The complex relationship between Christians and warfare began when the Roman emperor, Constantine, made Christianity the official religion of the Roman Empire. At the time, tribal groups from the East threatened the very fabric of the Roman Empire and encroached on its territory. It turned out that thousands of Christians, now suddenly able to worship freely, made for a formidable force indeed.
Nevertheless, Christians debated how to reconcile war with the teachings of Jesus, some of which commanded believers to not kill, much less be angry with one another (Matthew 5:21-22). How were Christians going to engage in battle with an ethic like that?
Enter St. Augustine of Hippo, one of the most influential theologians of the early church. He came up with this little thing called the just-war theory, which basically outlined a set of circumstances that, if met, permitted Christians to go to war.
Just-war theory continues to guide how Christians think about war. I remember back when President George W. Bush made a case for going to war with Iraq in 2003 he basically cited in so many words the just-war theory. Many Christians went to war willingly, some without even considering the negative implications of war on the Middle Eastern world.

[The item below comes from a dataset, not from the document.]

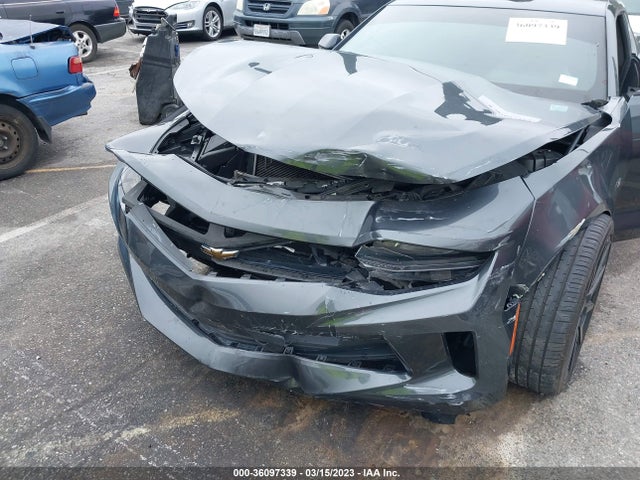 Chevrolet Camaro 1lt 2018 1G1FB1RS0J0160565 Image 7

Years later, we are still debating whether the wars in Iraq and Afghanistan are just. Christians are divided, and there does not seem to be any end in sight as to the propagation on views ranging from all out nuclear proliferation to extreme pacifism.
In The Future of Faith in American Politics, Baptist ethicist David Gushee writes, “It is not too simple to say that our nation is constantly fighting wars and that as we do, we are constantly assessing those wars according to some version of just-war theory.”
We have to just agree to disagree on this one.
What I think we can agree on is that God calls Christians to be truth-tellers, many of which reflect directly on our Christian witness.
One truth is that all humans are made in God’s image. Torture, unilateral arrogance, and intimidation belittle others in the global community and are not becoming of a nation that prides itself on family values and moral authority. Just warfare implies precision and great care, with as little civilian casualties as possible.
If you think this is obvious, then just remember Blackwater’s dismal record regarding civilian loses, Blackwater being a company headed up by an outspoken Christian.
Another truth is that Christians can biblically support what Glen Stassen calls just peacemaking. This means helping Afghanistan and Iraq build healthy infrastructures by instilling trust-building measures, focusing on dialogue-driven conflict resolution, and enacting human rights initiatives. The focus emphasizes preventative policies aside from military ones.
Lastly, being a truth-teller means keeping our leaders accountable to making decisions that are in the best interest of the global community, of which all Christians are a part. In effect, it’s up to us to remind our leaders of their promise to keep their eyes on the ball, the ball of peacemaking.
My father had a saying: “You live by the gun, you die by the gun.” The justification for war will always be debated and wars often fought, but truth-telling must be assertive in demanding obedience to God’s will and the laying down of guns for humanity’s sake.